How Cloud Apps Go Wrong

Data Can Bring You Down

Welcome to the Cloud

It’s exciting! You’ve got a huge new toolbox with a cornucopia of choices. And forums with a bonanza of advice.

Whether you are creating, migrating, or something in-between, everybody has an opinion about building cloud apps:

  • Development Model: Serverless? Micro-services? Containerized? Traditional?
  • Platform: Cloud-Provider? PaaS? IaaS packages?
  • Database Stores: MongoDB? PostgreSQL? DynamoDB? S3?

While you dig through the avalanche of advice, there is one topic conspicuous by its absence… what is the right way to handle persistent data?

Data storage in the cloud is clean and easy? Courtesy: https://www.flickr.com/photos/jonwestra78

Day 1: How Should I Manage My Application's Data?

There are even more ways to store data in cloud than there were on-premises!

You can use:

  • Database as a Service: AWS RDS, MongoDB Atlas, etc.
  • Standalone Databases: PostgreSQL, MongoDB, MySQL, etc.
  • Files: local files or cloud NAS
  • Objects: more tiers than an Instagram wedding cake

Most applications use a combination of tools to get the best results.

Once you decide how to store the data, you need to provision for capacity and performance.

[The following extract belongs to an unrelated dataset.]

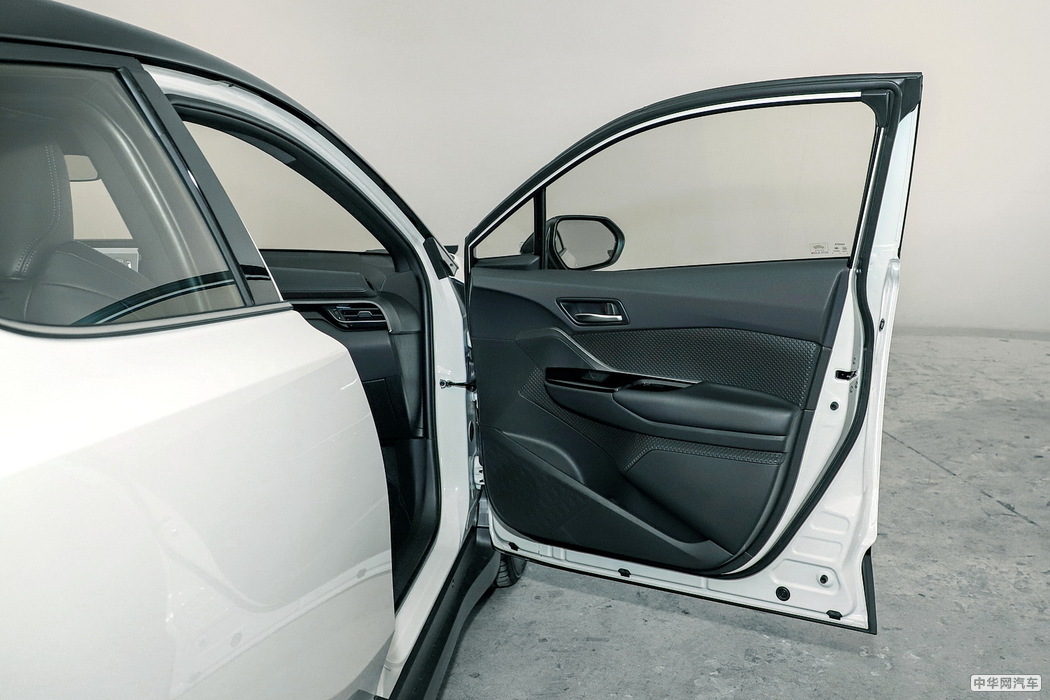 丰田C-HR EV 2020款 尊贵天窗版 组图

You might even consider how you’ll scale, deal with failures, secure the data, and meet compliance regulations (Hey, I’m an optimist).

It’s a stressful decision. Data is “the new oil”, “the lifeblood of business”, and “the new bacon”. You want to pick the right way to manage your data; your business depends on that information. Unfortunately, with so many variables, making the right decision seems impossible. Still, you’ll pick something reasonable, and then you’ll never have to worry about it again. Phew.

Except… data doesn’t take care of itself. In the cloud, there is no storage, backup, disaster recovery, or compliance team watching over your data. If you care about your application, you’ll be managing its data every day of the application’s life.

Even the Gingerbread man can’t escape data management. Courtesy: https://society6.com/product/attack-of-the-gingerbread-man-ii_wall-clock

Day 2: A Day in the Life of a Cloud App Developer

Congratulations! You’ve released an application into your environment. You’ve created something that helps people. Take a moment to celebrate.

Now, take a deep breath. Your life will never be the same. Here’s a day in your life.

06:30: Make sure backups are happening and that they’re being replicated off site. Consider testing a restore to make sure the backups are good. Resolve to do it tomorrow… for the 100th straight day. Push down the guilt.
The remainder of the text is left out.